___ RECORDS ___

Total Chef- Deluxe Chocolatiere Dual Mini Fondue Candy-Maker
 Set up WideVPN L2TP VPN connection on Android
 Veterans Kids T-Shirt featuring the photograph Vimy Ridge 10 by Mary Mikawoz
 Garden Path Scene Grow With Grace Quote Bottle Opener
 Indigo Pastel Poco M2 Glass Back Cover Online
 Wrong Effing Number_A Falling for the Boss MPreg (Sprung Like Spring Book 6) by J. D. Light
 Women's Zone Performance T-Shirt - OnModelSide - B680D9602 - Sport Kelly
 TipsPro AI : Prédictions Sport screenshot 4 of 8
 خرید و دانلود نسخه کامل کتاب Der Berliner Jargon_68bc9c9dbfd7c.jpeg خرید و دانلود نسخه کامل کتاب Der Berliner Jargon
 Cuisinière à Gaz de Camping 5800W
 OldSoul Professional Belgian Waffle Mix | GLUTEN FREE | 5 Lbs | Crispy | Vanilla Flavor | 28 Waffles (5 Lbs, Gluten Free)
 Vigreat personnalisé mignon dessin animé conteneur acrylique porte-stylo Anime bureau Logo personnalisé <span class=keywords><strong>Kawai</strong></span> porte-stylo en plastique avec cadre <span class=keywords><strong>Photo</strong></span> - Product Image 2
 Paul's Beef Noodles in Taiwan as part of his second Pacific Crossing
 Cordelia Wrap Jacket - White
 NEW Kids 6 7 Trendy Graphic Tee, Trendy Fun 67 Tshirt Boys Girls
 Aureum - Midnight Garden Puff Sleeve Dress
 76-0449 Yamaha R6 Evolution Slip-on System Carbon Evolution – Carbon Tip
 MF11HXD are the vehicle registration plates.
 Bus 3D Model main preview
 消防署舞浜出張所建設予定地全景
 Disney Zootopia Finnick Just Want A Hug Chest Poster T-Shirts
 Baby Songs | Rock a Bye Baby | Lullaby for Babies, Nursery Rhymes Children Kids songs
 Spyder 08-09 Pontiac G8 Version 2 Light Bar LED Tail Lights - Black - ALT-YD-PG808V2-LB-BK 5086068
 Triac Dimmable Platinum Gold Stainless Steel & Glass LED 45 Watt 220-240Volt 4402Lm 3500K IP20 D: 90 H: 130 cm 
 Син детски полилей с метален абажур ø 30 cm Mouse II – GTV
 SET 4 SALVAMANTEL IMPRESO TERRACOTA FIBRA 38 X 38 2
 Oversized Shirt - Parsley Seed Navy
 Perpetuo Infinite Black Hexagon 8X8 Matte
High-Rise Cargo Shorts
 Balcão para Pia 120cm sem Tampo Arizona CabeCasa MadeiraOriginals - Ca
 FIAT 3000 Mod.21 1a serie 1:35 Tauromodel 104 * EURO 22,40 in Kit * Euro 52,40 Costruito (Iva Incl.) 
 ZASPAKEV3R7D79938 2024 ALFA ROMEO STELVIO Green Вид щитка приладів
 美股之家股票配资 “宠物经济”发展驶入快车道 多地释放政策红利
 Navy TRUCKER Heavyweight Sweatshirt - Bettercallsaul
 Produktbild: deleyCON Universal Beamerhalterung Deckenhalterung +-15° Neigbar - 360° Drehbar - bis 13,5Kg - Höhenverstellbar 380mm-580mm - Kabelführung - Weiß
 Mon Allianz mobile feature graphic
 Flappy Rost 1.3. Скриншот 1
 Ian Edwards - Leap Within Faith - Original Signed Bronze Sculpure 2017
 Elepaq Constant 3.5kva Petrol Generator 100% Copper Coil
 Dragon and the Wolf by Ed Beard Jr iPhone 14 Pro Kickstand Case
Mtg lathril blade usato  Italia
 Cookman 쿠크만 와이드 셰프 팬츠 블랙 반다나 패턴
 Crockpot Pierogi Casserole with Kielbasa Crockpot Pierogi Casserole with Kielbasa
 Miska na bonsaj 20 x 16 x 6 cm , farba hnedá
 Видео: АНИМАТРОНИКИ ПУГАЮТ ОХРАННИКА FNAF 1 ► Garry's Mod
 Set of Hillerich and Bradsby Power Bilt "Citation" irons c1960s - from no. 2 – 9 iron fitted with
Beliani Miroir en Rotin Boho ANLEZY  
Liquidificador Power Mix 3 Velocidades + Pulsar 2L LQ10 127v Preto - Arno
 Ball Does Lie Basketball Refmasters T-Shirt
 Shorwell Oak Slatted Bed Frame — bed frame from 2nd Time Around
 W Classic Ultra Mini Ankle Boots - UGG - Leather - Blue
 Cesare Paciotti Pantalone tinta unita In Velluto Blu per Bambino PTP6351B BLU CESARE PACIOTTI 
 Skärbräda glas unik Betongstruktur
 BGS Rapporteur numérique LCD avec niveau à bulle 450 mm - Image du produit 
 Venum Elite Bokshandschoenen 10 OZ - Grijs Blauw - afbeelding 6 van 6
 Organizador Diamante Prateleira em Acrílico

___

# [REQUIRED ACTION]
Your task is to transcribe the material exactly.

# [YOUR RESPONSE]
Total Chef- Deluxe Chocolatiere Dual Mini Fondue Candy-Maker
 Set up WideVPN L2TP VPN connection on Android
 Veterans Kids T-Shirt featuring the photograph Vimy Ridge 10 by Mary Mikawoz
 Garden Path Scene Grow With Grace Quote Bottle Opener
 Indigo Pastel Poco M2 Glass Back Cover Online
 Wrong Effing Number_A Falling for the Boss MPreg (Sprung Like Spring Book 6) by J. D. Light
 Women's Zone Performance T-Shirt - OnModelSide - B680D9602 - Sport Kelly
 TipsPro AI : Prédictions Sport screenshot 4 of 8
 خرید و دانلود نسخه کامل کتاب Der Berliner Jargon_68bc9c9dbfd7c.jpeg خرید و دانلود نسخه کامل کتاب Der Berliner Jargon
 Cuisinière à Gaz de Camping 5800W
 OldSoul Professional Belgian Waffle Mix | GLUTEN FREE | 5 Lbs | Crispy | Vanilla Flavor | 28 Waffles (5 Lbs, Gluten Free)
 Vigreat personnalisé mignon dessin animé conteneur acrylique porte-stylo Anime bureau Logo personnalisé <span class=keywords><strong>Kawai</strong></span> porte-stylo en plastique avec cadre <span class=keywords><strong>Photo</strong></span> - Product Image 2
 Paul's Beef Noodles in Taiwan as part of his second Pacific Crossing
 Cordelia Wrap Jacket - White
 NEW Kids 6 7 Trendy Graphic Tee, Trendy Fun 67 Tshirt Boys Girls
 Aureum - Midnight Garden Puff Sleeve Dress
 76-0449 Yamaha R6 Evolution Slip-on System Carbon Evolution – Carbon Tip
 MF11HXD are the vehicle registration plates.
 Bus 3D Model main preview
 消防署舞浜出張所建設予定地全景
 Disney Zootopia Finnick Just Want A Hug Chest Poster T-Shirts
 Baby Songs | Rock a Bye Baby | Lullaby for Babies, Nursery Rhymes Children Kids songs
 Spyder 08-09 Pontiac G8 Version 2 Light Bar LED Tail Lights - Black - ALT-YD-PG808V2-LB-BK 5086068
 Triac Dimmable Platinum Gold Stainless Steel & Glass LED 45 Watt 220-240Volt 4402Lm 3500K IP20 D: 90 H: 130 cm 
 Син детски полилей с метален абажур ø 30 cm Mouse II – GTV
 SET 4 SALVAMANTEL IMPRESO TERRACOTA FIBRA 38 X 38 2
 Oversized Shirt - Parsley Seed Navy
 Perpetuo Infinite Black Hexagon 8X8 Matte
High-Rise Cargo Shorts
 Balcão para Pia 120cm sem Tampo Arizona CabeCasa MadeiraOriginals - Ca
 FIAT 3000 Mod.21 1a serie 1:35 Tauromodel 104 * EURO 22,40 in Kit * Euro 52,40 Costruito (Iva Incl.) 
 ZASPAKEV3R7D79938 2024 ALFA ROMEO STELVIO Green Вид щитка приладів
 美股之家股票配资 “宠物经济”发展驶入快车道 多地释放政策红利
 Navy TRUCKER Heavyweight Sweatshirt - Bettercallsaul
 Produktbild: deleyCON Universal Beamerhalterung Deckenhalterung +-15° Neigbar - 360° Drehbar - bis 13,5Kg - Höhenverstellbar 380mm-580mm - Kabelführung - Weiß
 Mon Allianz mobile feature graphic
 Flappy Rost 1.3. Скриншот 1
 Ian Edwards - Leap Within Faith - Original Signed Bronze Sculpure 2017
 Elepaq Constant 3.5kva Petrol Generator 100% Copper Coil
 Dragon and the Wolf by Ed Beard Jr iPhone 14 Pro Kickstand Case
Mtg lathril blade usato  Italia
 Cookman 쿠크만 와이드 셰프 팬츠 블랙 반다나 패턴
 Crockpot Pierogi Casserole with Kielbasa Crockpot Pierogi Casserole with Kielbasa
 Miska na bonsaj 20 x 16 x 6 cm , farba hnedá
 Видео: АНИМАТРОНИКИ ПУГАЮТ ОХРАННИКА FNAF 1 ► Garry's Mod
 Set of Hillerich and Bradsby Power Bilt "Citation" irons c1960s - from no. 2 – 9 iron fitted with
Beliani Miroir en Rotin Boho ANLEZY  
Liquidificador Power Mix 3 Velocidades + Pulsar 2L LQ10 127v Preto - Arno
 Ball Does Lie Basketball Refmasters T-Shirt
 Shorwell Oak Slatted Bed Frame — bed frame from 2nd Time Around
 W Classic Ultra Mini Ankle Boots - UGG - Leather - Blue
 Cesare Paciotti Pantalone tinta unita In Velluto Blu per Bambino PTP6351B BLU CESARE PACIOTTI 
 Skärbräda glas unik Betongstruktur
 BGS Rapporteur numérique LCD avec niveau à bulle 450 mm - Image du produit 
 Venum Elite Bokshandschoenen 10 OZ - Grijs Blauw - afbeelding 6 van 6
 Organizador Diamante Prateleira em Acrílico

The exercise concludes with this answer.